Wie könnte ich also eine simple Methode schreiben die mir mithilfe von diesen Koordinaten:
Ball: X-Koordinate, Y-Koordinate, Breite, Höhe ist bekannt
Stein: das selbe ist bekannt
...... berechnet auf welcher Seite der Ball aufgetroffen ist?

thx, thomas


----------



## 0xdeadbeef (3. Jan 2006)

Du mußt doch die Richtung kennen, in die sich der Ball gerade bewegt. Z.B. wenn die X-Geschwindigkeitskomponente gerade positiv ist, kann der Stein nicht auf der rechten Seite getroffen worden sein.  Davon abgesehen kannst Du ja einfach die Koordinaten des Balls mit denen des Steins vergleichen. Zur Not den immer die alten Koordinaten vor der Kollision merken.


----------



## thomas.g (3. Jan 2006)

naja ich weiß mit zwei Variablen "incx" und "incy" (sind boolean) ob zu den X bzw Y Koordinaten des Balles die Geschwindigkeit addiert oder supprahiert werden soll.

Also weiß ich  wie der Ball fliegt. (hinunter oder hinauf - rechts oder links)

Ich hatte allerdings gerade einen Geistesblitz doch der könnte zu langsam arbeiten, naja ich erklärs mal.

Da der Stein ja vier Seiten hat, mach ich einfach für jede Seite ein Rectangel Objekt und schau wiederrum mit "Rectangle.intersects" ob der Ball eines dieser 4 Rectangles berührt, danach weiß ich, wo der Ball aufgetroffen ist

z.B. hier die Skizze, hier nur zwei Rectangle dargestellt


            --------- ___________ -------------
                        _                 _
            ----------___________-------------


die ___________ Linien sollten den Stein symbolisieren, die ------------ Linien die vier Rectangles der vier Seiten des Steines; wie gesagt, ich weiß nicht ob das Abfragen sehr schnell geht  aber es geht dafür dann 100%ig. Naja bis auf den Ecken, da könnte es Probleme geben ist aber meiner Meinung nach nicht von Bedeutung.

thx, thomas


----------



## gr33b (3. Jan 2006)

0xdeadbeef hat gesagt.:
			
		

> Zur Not den immer die alten Koordinaten vor der Kollision merken.



Es reicht ja schon ein Richtungsvektor wie du vorher beschrieben hast (mit X-Geschwindigkeitskomponente)


----------



## 0xdeadbeef (3. Jan 2006)

Wenn der Stein wirklich von allen Seiten getroffen werden kann, reicht der Vektor alleine nicht.
Denn ein nach links unten zeigender Vektor könnte den Stein sowohl oben als auch auf der linken Seite treffen. Das kann man dann nur durch die Position herausfinden.

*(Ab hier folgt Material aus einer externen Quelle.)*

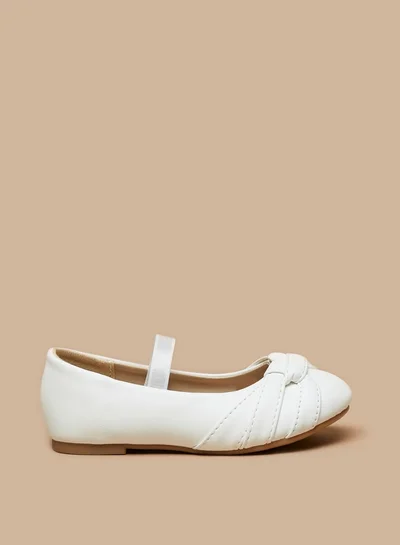 فلورا بيلا من شو إكسبرس Girl's Mary Jane Shoes With Bow Accent And Elasticated Strap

Ansonsten halte ich "intersects" in diesem Fall für das Schießen mit Kanonen auf Spatzen. Speziell die zweite Lösung mit mehren intersects.


----------



## thomas.g (3. Jan 2006)

ich habe es jetzt mal mit den mehreren intersects versucht, und es geht wirklich gut, fast zu 100% stimmen nun alle Kollsionsabfragen und durch meine indirect-buffering methode (mit VolatileImages) geht das ganze auch ziemlich schnell, bin aber noch für kürzere Lösungen dankbar.

thx, thomas


----------